Web page caption snippets:

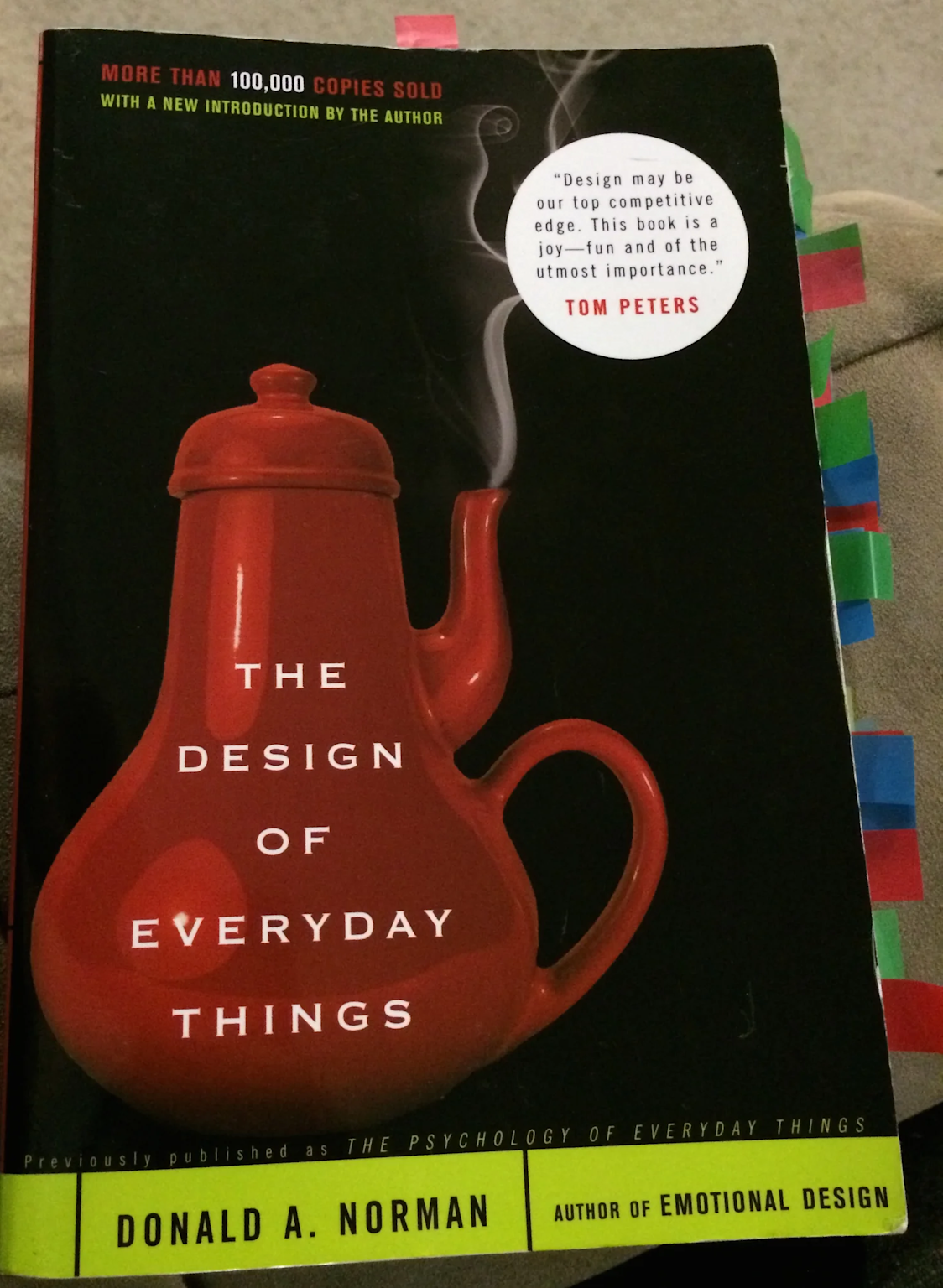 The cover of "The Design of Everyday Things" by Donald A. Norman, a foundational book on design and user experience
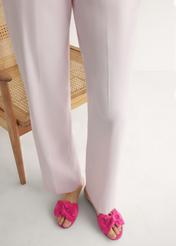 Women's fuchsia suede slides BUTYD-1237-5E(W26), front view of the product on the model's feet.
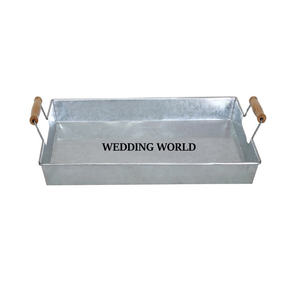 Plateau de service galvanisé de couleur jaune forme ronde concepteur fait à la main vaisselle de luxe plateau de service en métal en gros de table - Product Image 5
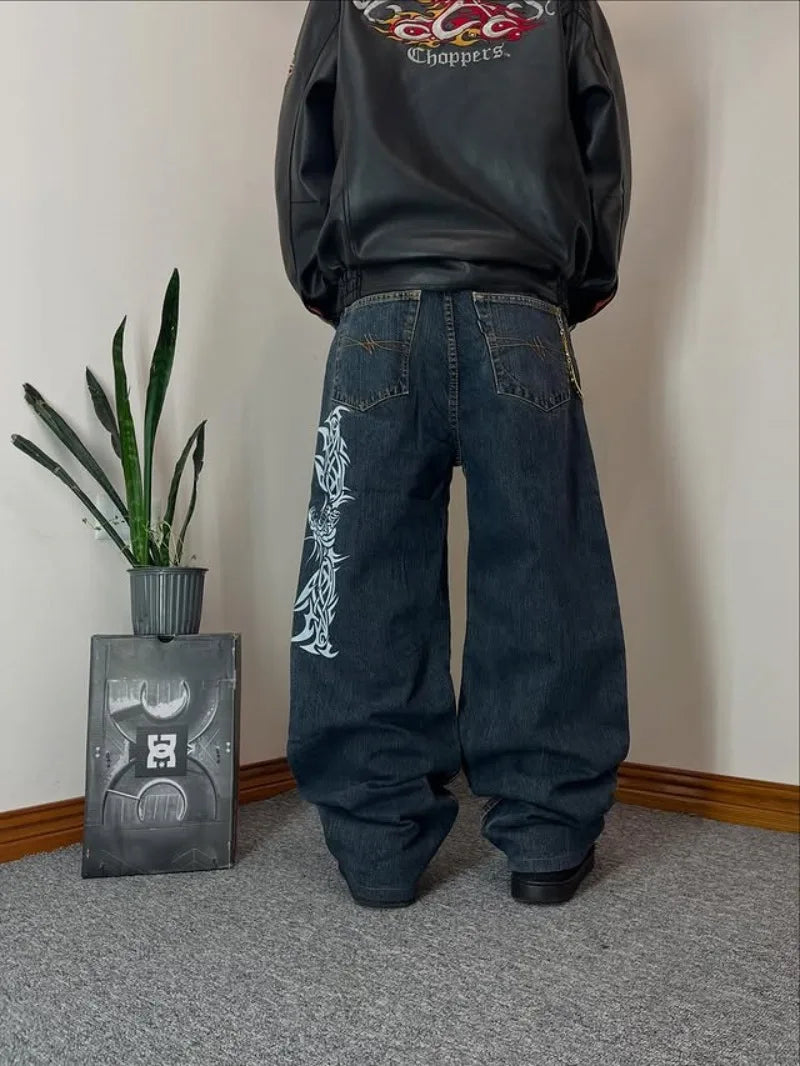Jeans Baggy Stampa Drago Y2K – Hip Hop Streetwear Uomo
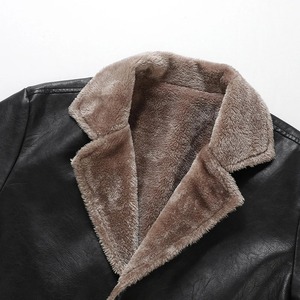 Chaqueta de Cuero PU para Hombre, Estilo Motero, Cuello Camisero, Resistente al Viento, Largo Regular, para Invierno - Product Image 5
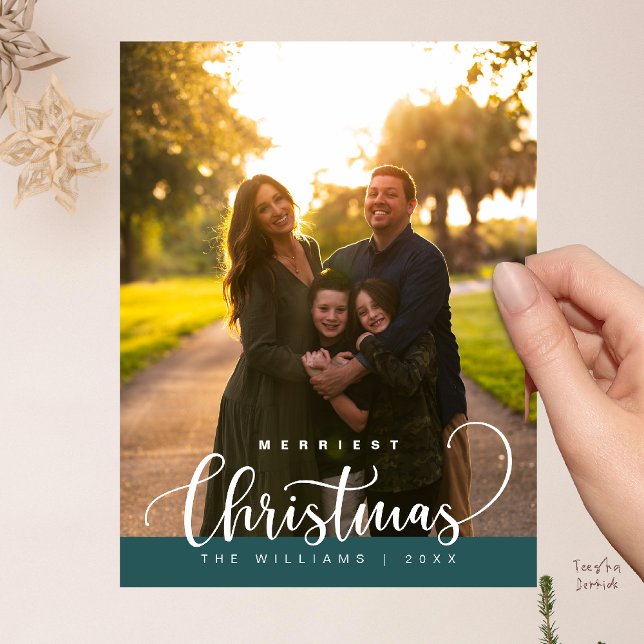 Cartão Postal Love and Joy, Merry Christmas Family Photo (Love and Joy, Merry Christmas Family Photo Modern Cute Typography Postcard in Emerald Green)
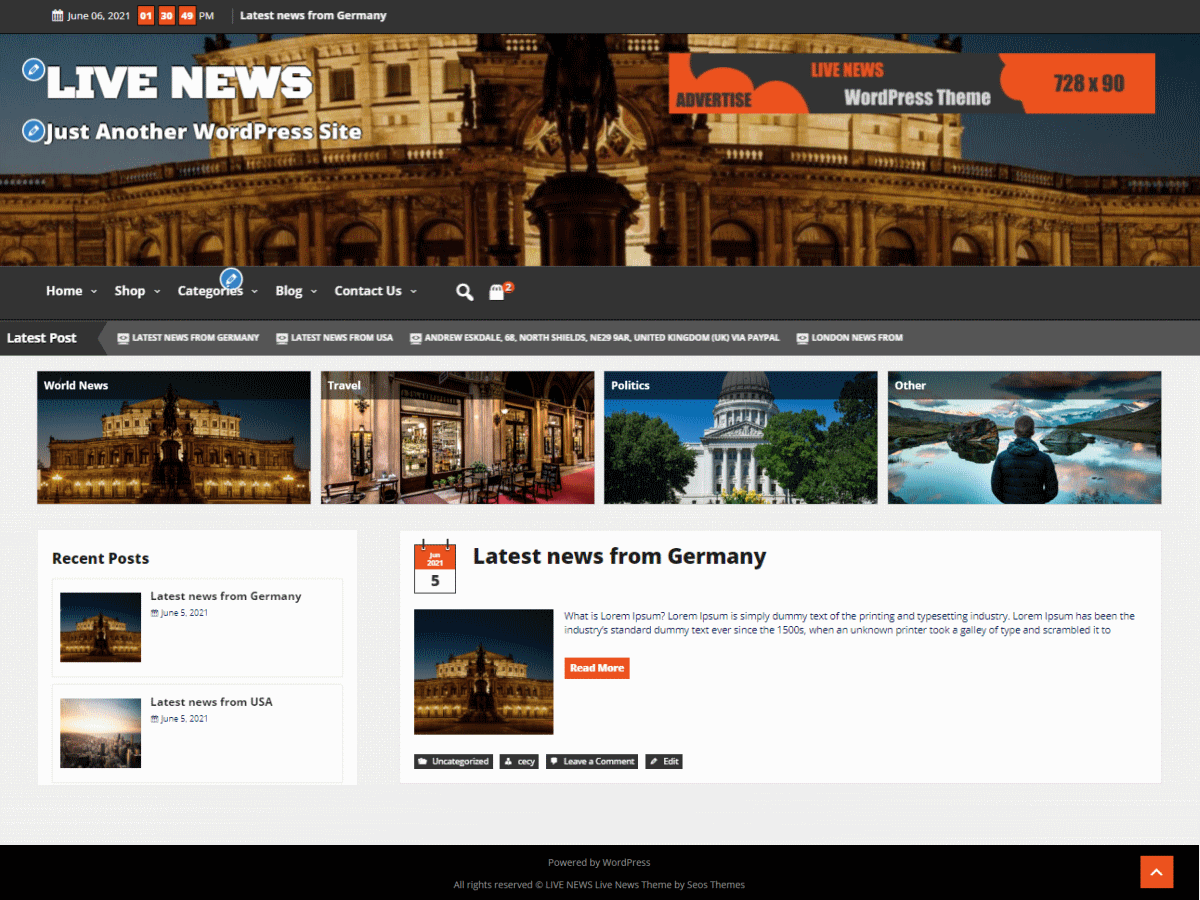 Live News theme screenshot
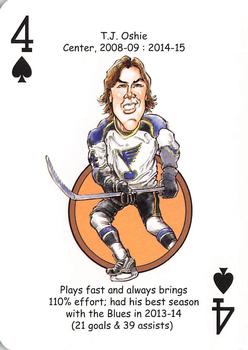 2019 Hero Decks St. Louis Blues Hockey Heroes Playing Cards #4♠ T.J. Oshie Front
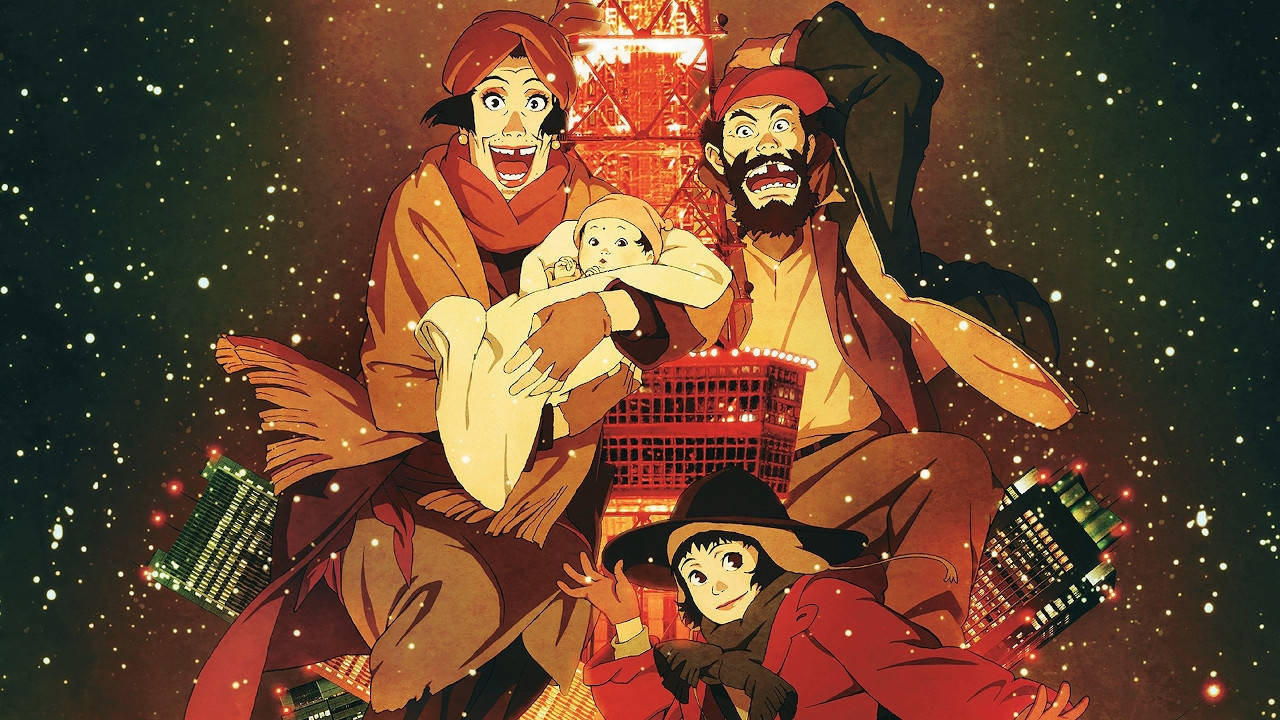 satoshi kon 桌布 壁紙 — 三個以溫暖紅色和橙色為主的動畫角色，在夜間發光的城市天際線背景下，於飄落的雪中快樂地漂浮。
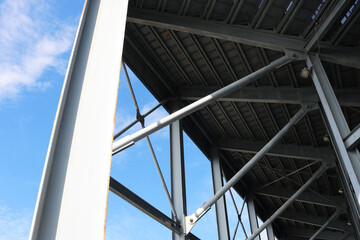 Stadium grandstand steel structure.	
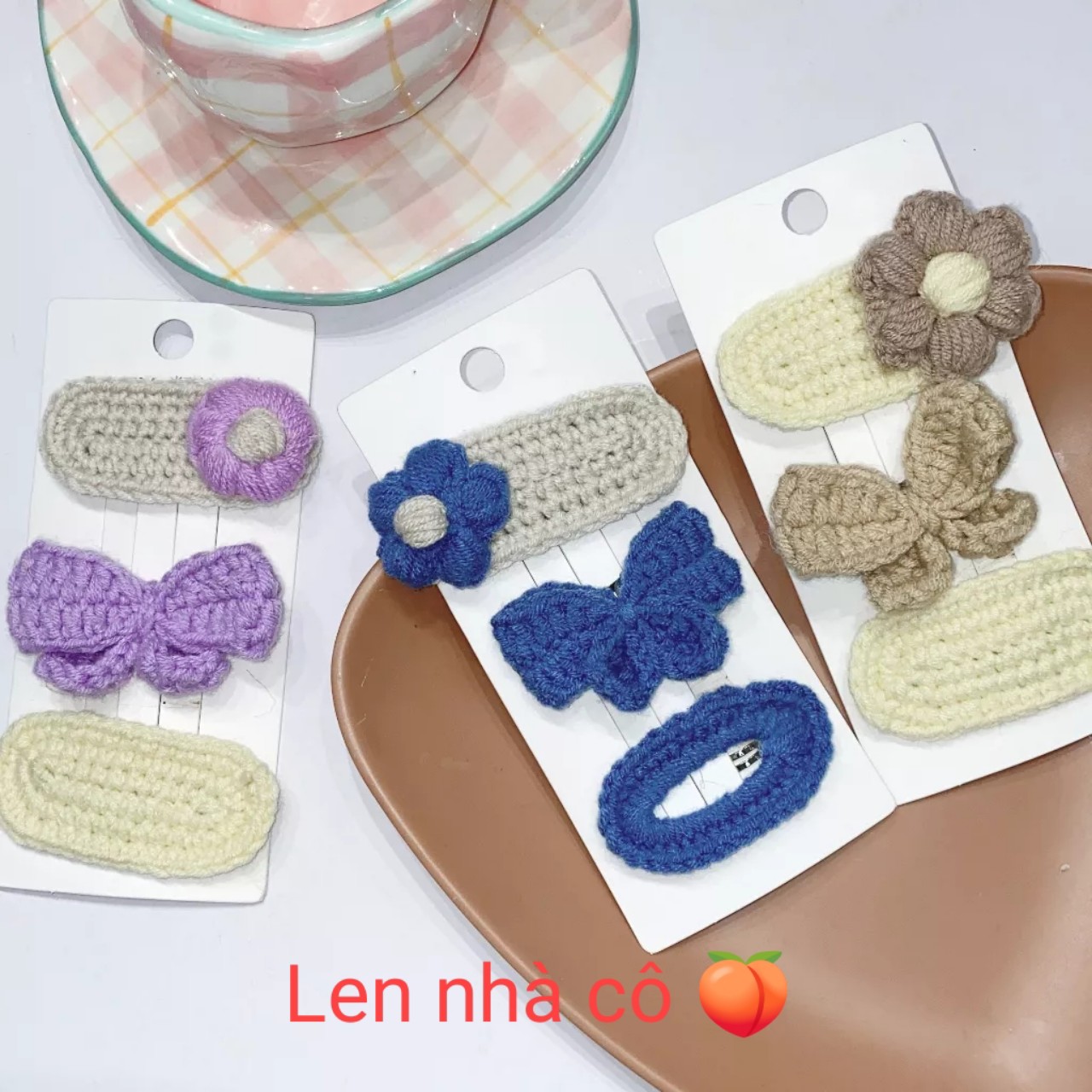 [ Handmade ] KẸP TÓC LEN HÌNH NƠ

▸ EXERCISE DESCRIPTION: In the records above, find the line containing "Stadium grandstand steel structure.", then please restate it and each line after it word for word, pictures excluded.

▸ RESULT FOR THIS EXERCISE:
 Stadium grandstand steel structure.	
 [ Handmade ] KẸP TÓC LEN HÌNH NƠ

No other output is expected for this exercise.